The reasons are complex and not fully understood. But a simple explanation is food and a safe place to breed. Birds which breed in the summer in the extreme north such as the Arctic benefit from an abundance of food as plants and insect life flourish in the long daylight hours; and because few large permanent predators can survive the harsh winter. Many birds that breed in the Arctic simply lay their eggs on the ground. Being able to fly, they can avoid the harsh winter conditions, and be the first to arrive to enjoy the summer benefits.
Migration is affected not only by food supply, but also by wind and oceans currents. These make some routes and locations easier to reach. While many birds migrate from northern breeding areas in the summer, to southern wintering grounds (mainly because there is more land near the northern pole than the southern), there are many other migration patterns. Some birds breed in the far south of South America, Australasia and Africa, and migrate to northern wintering grounds. Some birds migrate horizontally, to enjoy the milder coastal climates in winter. Other birds migrate in terms of altitude; moving higher up a mountain in summer, and wintering on the lowlands.

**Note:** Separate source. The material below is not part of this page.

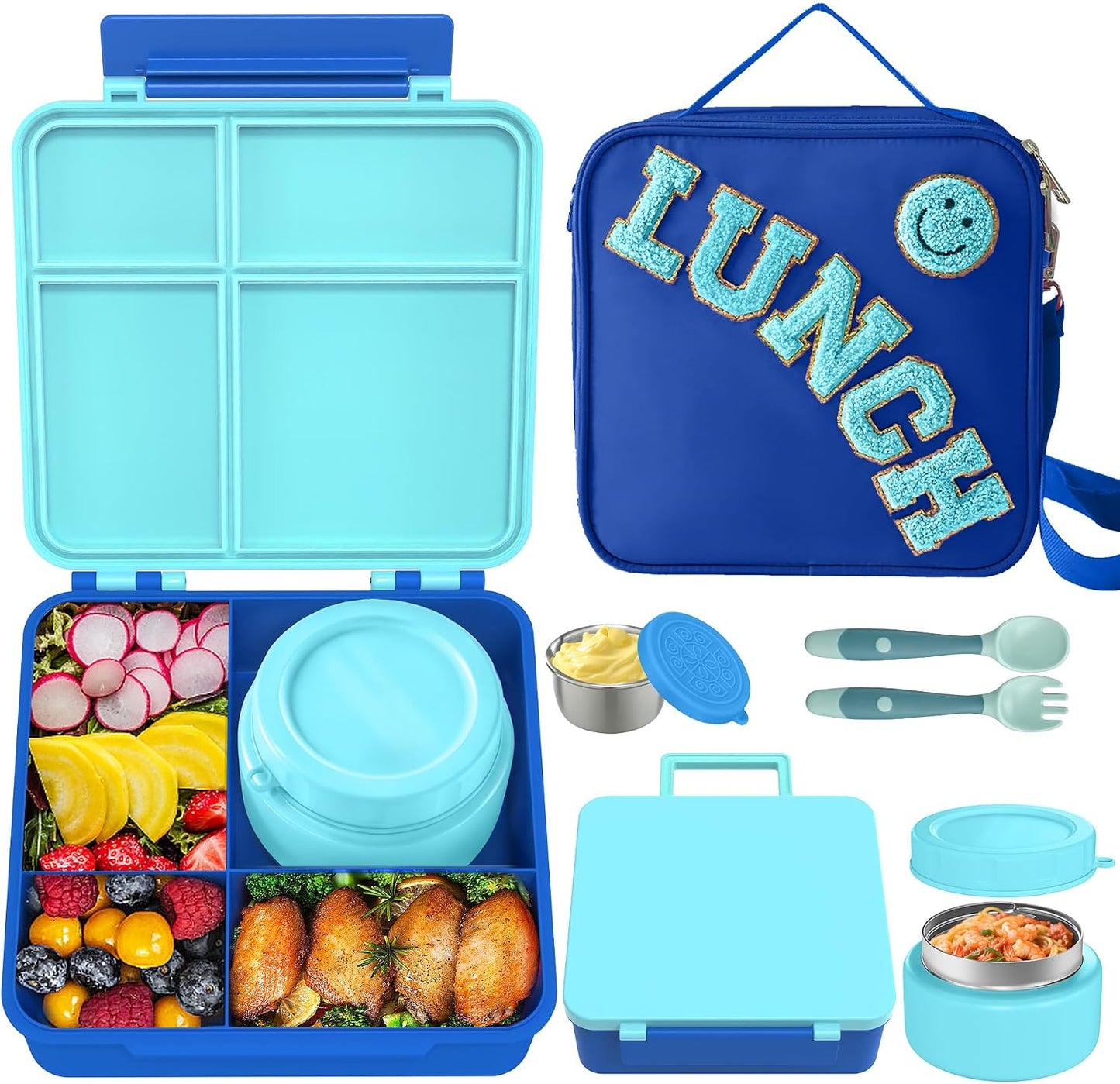 Aimsnk Kids Bento Lunch Box with 8oz Soup Thermo, Kids Leakproof Lunch Food Containers with 4 Compartment,Insulated Hot Food Jar with Lunch Bag for School, Travel (Pink)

Records of bird migration were made 3000 years ago by Hesiod, Homer, Herodotus and Aristotle. The Bible also notes migrations, as in the Book of Job (39:26), where the inquiry is made: "Doth the hawk fly by Thy wisdom and stretch her wings toward the south?" The author of Jeremiah (8:7) wrote: "The stork in the heavens knoweth her appointed time; and the turtledove, and the crane, and the swallow, observe the time of their coming."

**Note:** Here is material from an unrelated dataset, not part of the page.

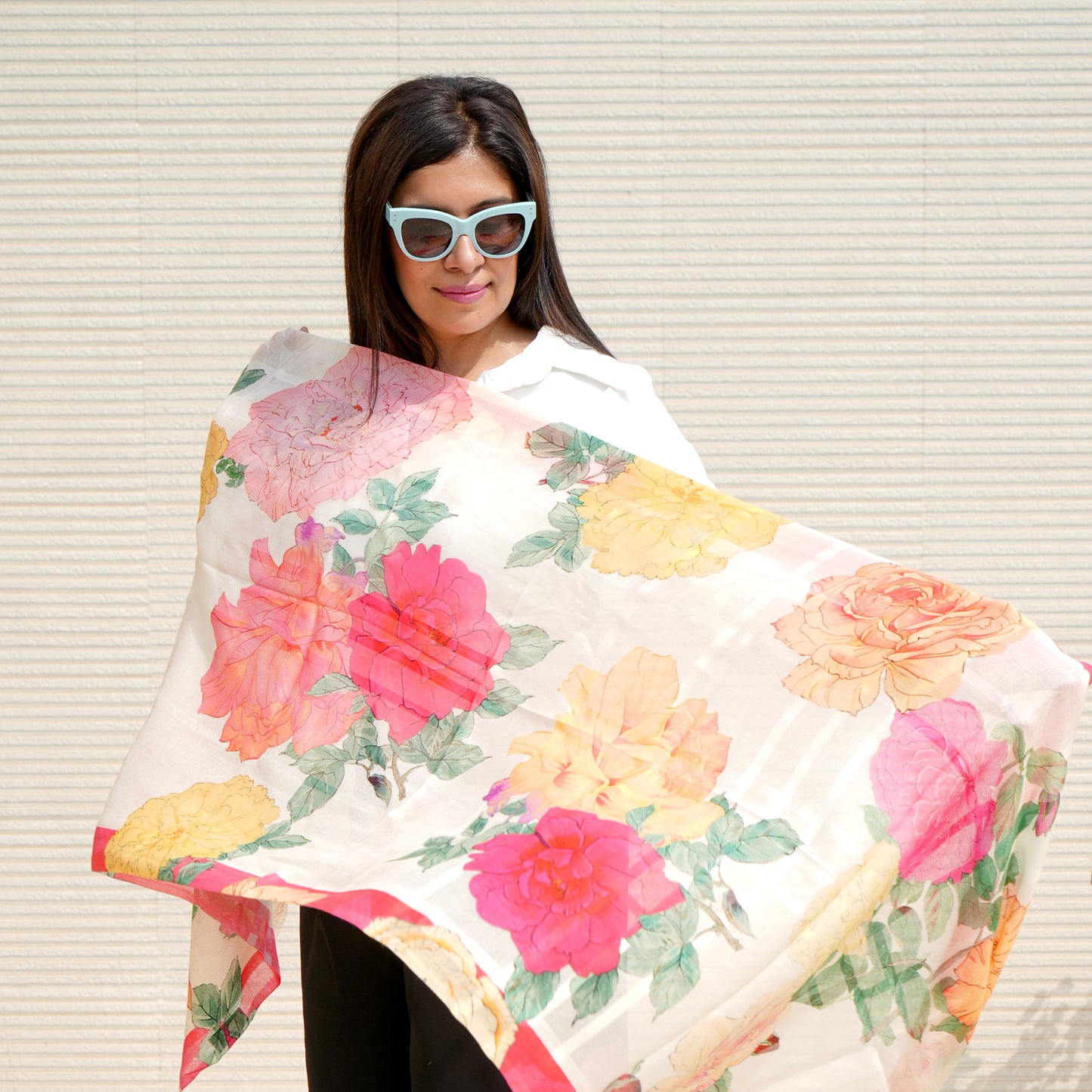 Bloom-Modal Cotton Silk Stole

Aristotle noted that cranes traveled from the steppes of Scythia to marshes at the headwaters of the Nile. Pliny the Elder, in his Historia Naturalis, repeats Aristotle's observations. Aristotle however suggested that swallows and other birds hibernated. This belief persisted as late as 1878, when Elliott Coues listed the titles of no less than 182 papers dealing with the hibernation of swallows. It was not until early in the nineteenth century that migration as an explanation for the winter disappearance of birds from northern climes was accepted.